(Records from a dataset)
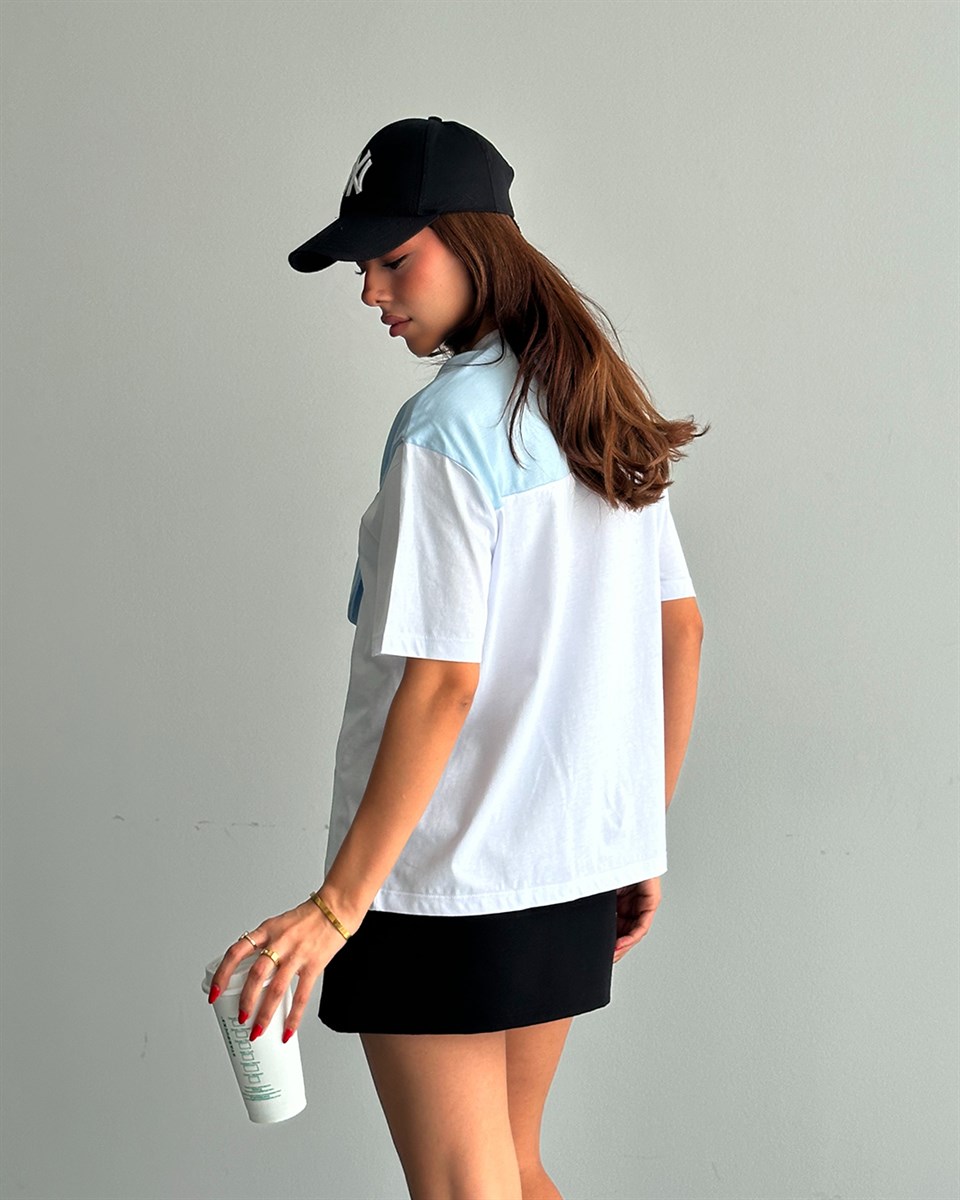 Mavi Fular Detaylı Oversize Tişört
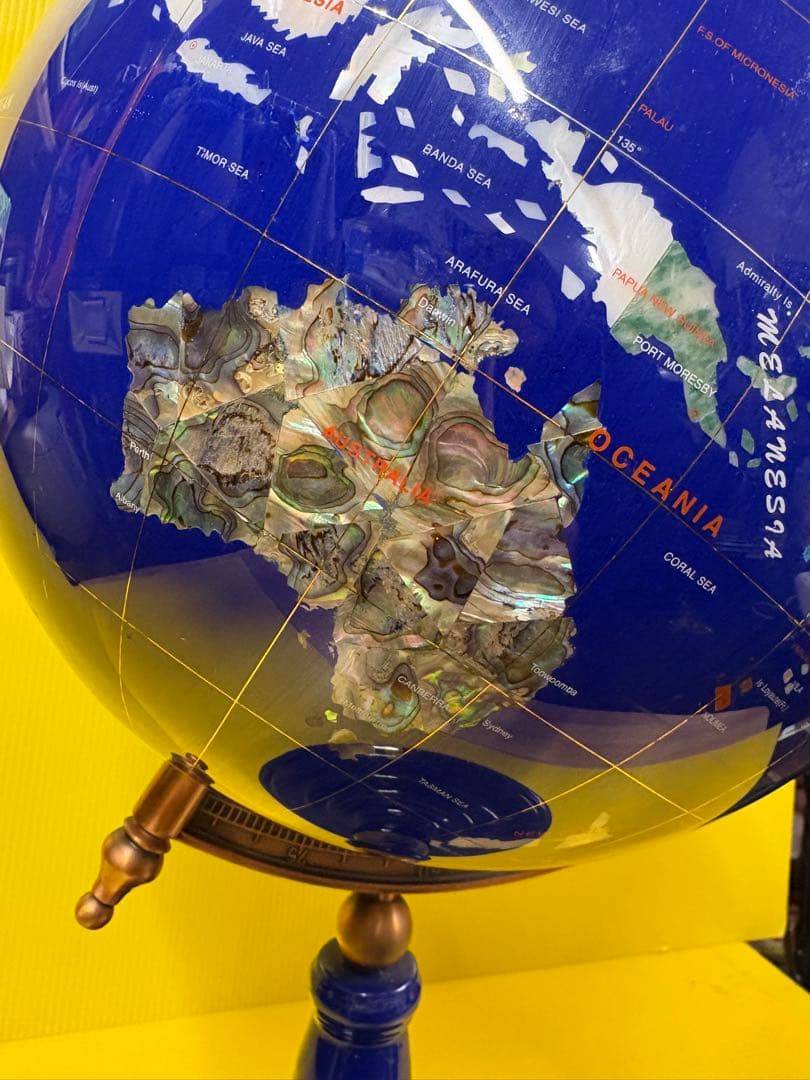 アンティーク ラピスラズリ天然石高級地球儀✨【ガハハ本舗新春お宝特価市】✨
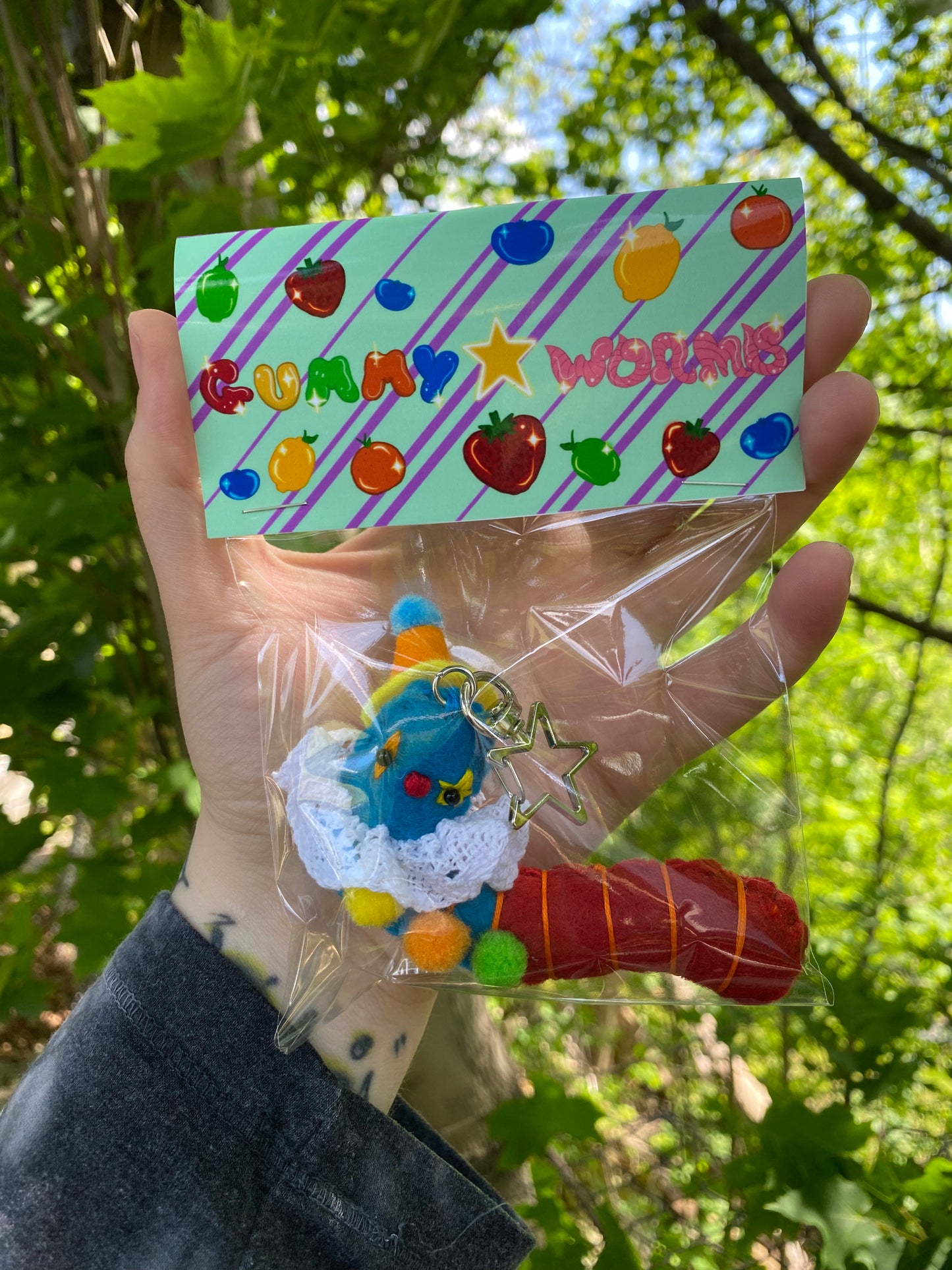 GUMMY WORM BAG CLIP (BLUE/RED)
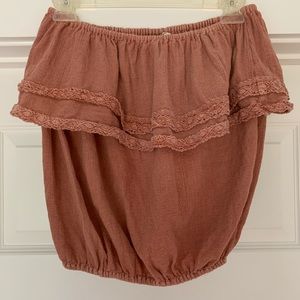 Billabong Strapless Top with Ruffles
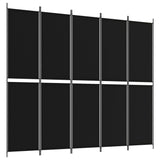 NNEVL 5-Panel Room Divider Black 250x220 cm Fabric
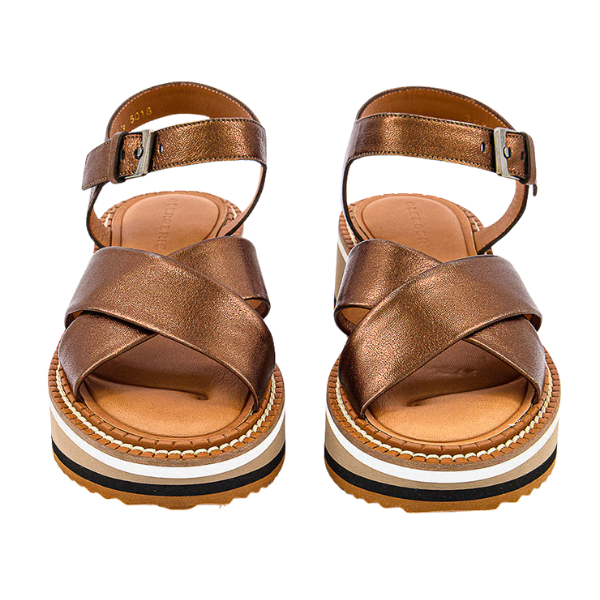 Women Fara Metallic Leather Platform Wedge Sandals, Brown 4
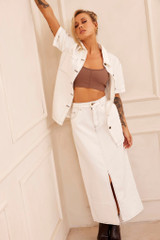 Future Face Denim Midi Skirt - White | Sage and Paige AUS.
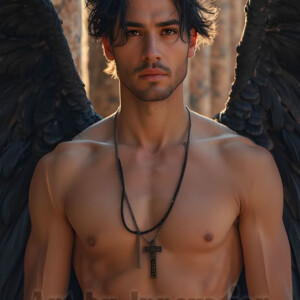 In this gallery, AI-generated dark angels handsome fallen angels with massive black and silver wings in gothic atmospheric settings. UHD digital art collection.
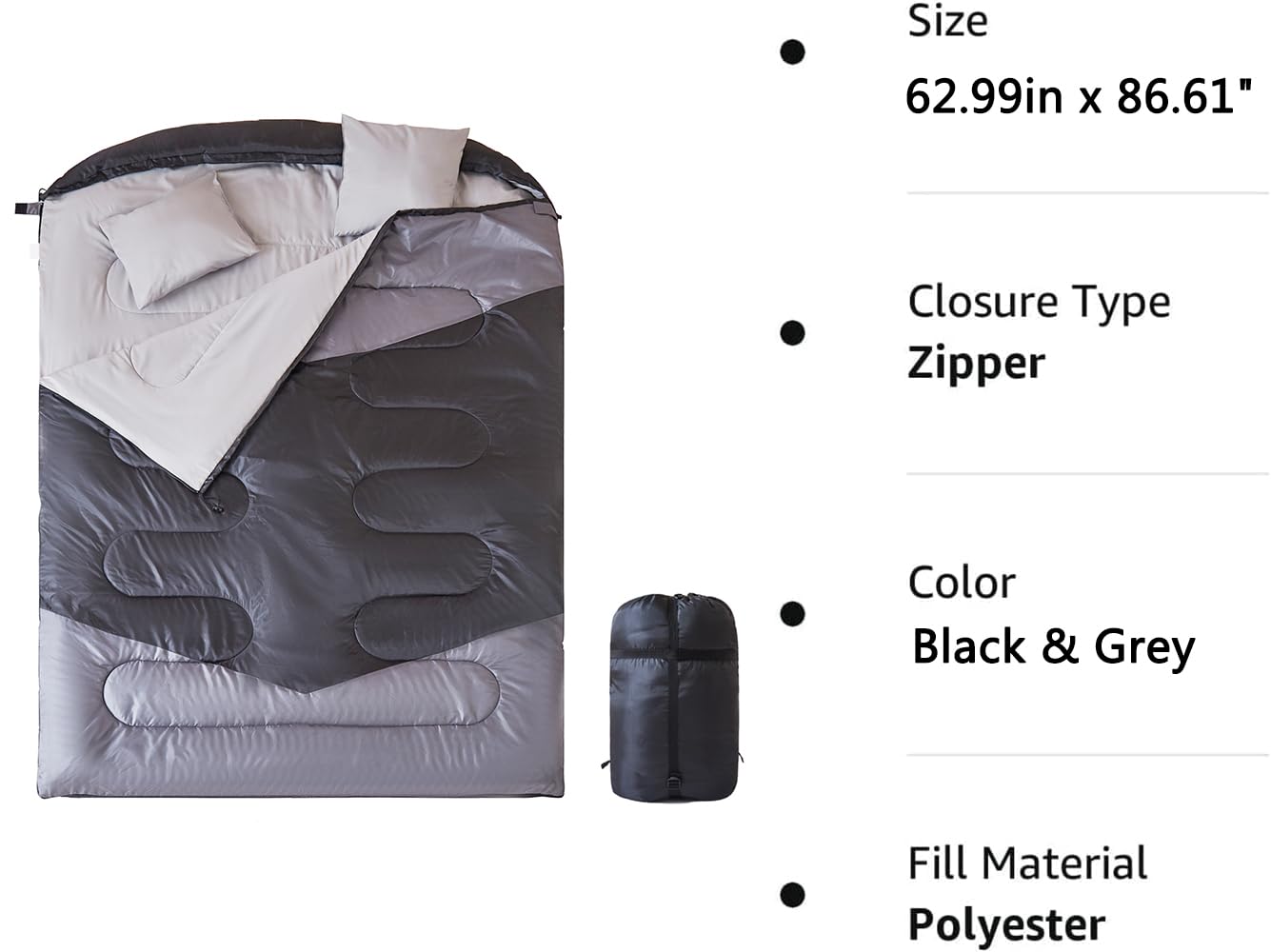 oaskys Double Sleeping Bag for Adults with 2 Pillows - Queen Size XL Waterproof Sleeping Bag for All Season Camping Hiking Backpacking 2 Person Sleeping Bags for Cold Weather & Warm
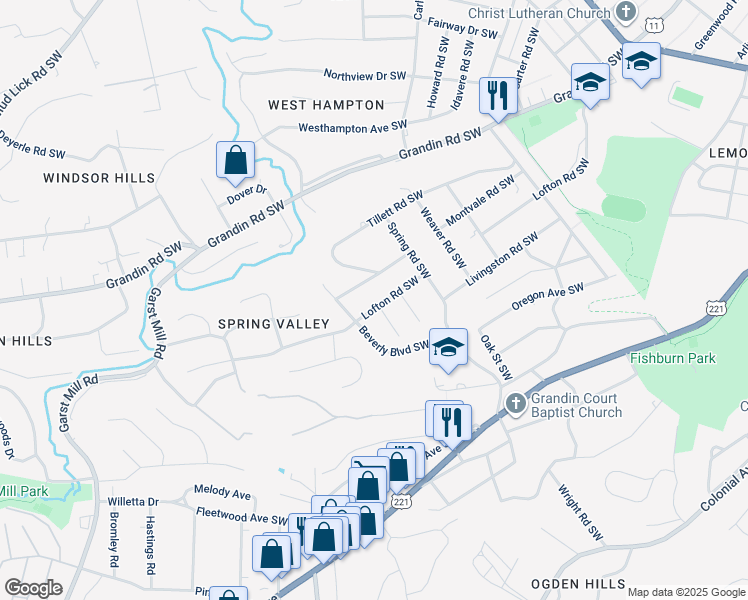 map of restaurants, bars, coffee shops, grocery stores, and more near 2755 Lofton Road Southwest in Roanoke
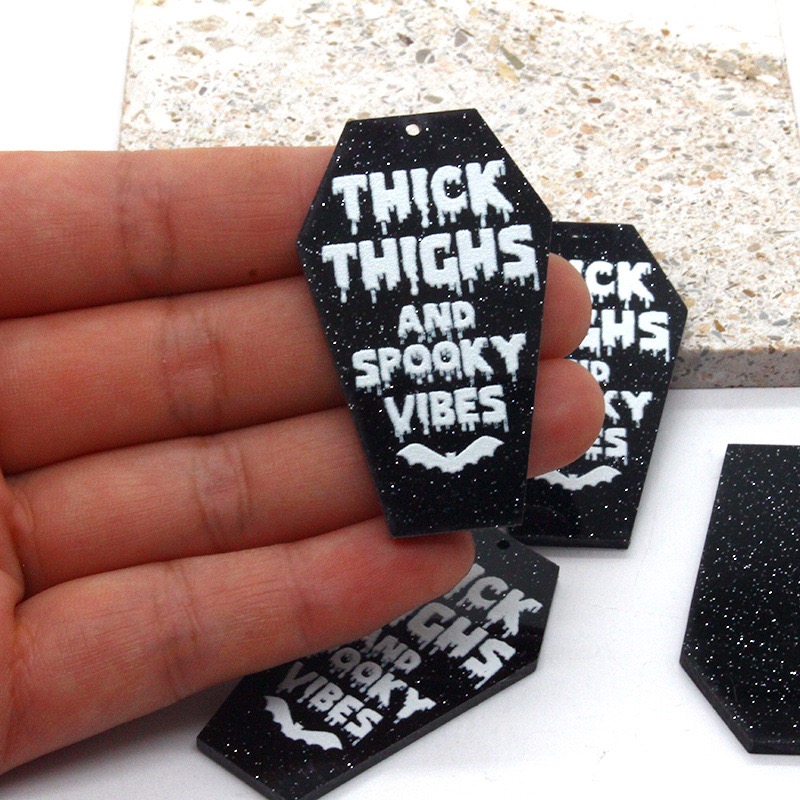 10pcs acrylic dark coffin quot - Jewelry Making Quotes recension och pris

*Task prompt*:
Print the entries above exactly, leaving pictures out.

*Task response*:
 Mavi Fular Detaylı Oversize Tişört
 アンティーク ラピスラズリ天然石高級地球儀✨【ガハハ本舗新春お宝特価市】✨
 GUMMY WORM BAG CLIP (BLUE/RED)
 Billabong Strapless Top with Ruffles
 NNEVL 5-Panel Room Divider Black 250x220 cm Fabric
 Women Fara Metallic Leather Platform Wedge Sandals, Brown 4
 Future Face Denim Midi Skirt - White | Sage and Paige AUS.
 In this gallery, AI-generated dark angels handsome fallen angels with massive black and silver wings in gothic atmospheric settings. UHD digital art collection.
 oaskys Double Sleeping Bag for Adults with 2 Pillows - Queen Size XL Waterproof Sleeping Bag for All Season Camping Hiking Backpacking 2 Person Sleeping Bags for Cold Weather & Warm
 map of restaurants, bars, coffee shops, grocery stores, and more near 2755 Lofton Road Southwest in Roanoke
 10pcs acrylic dark coffin quot - Jewelry Making Quotes recension och pris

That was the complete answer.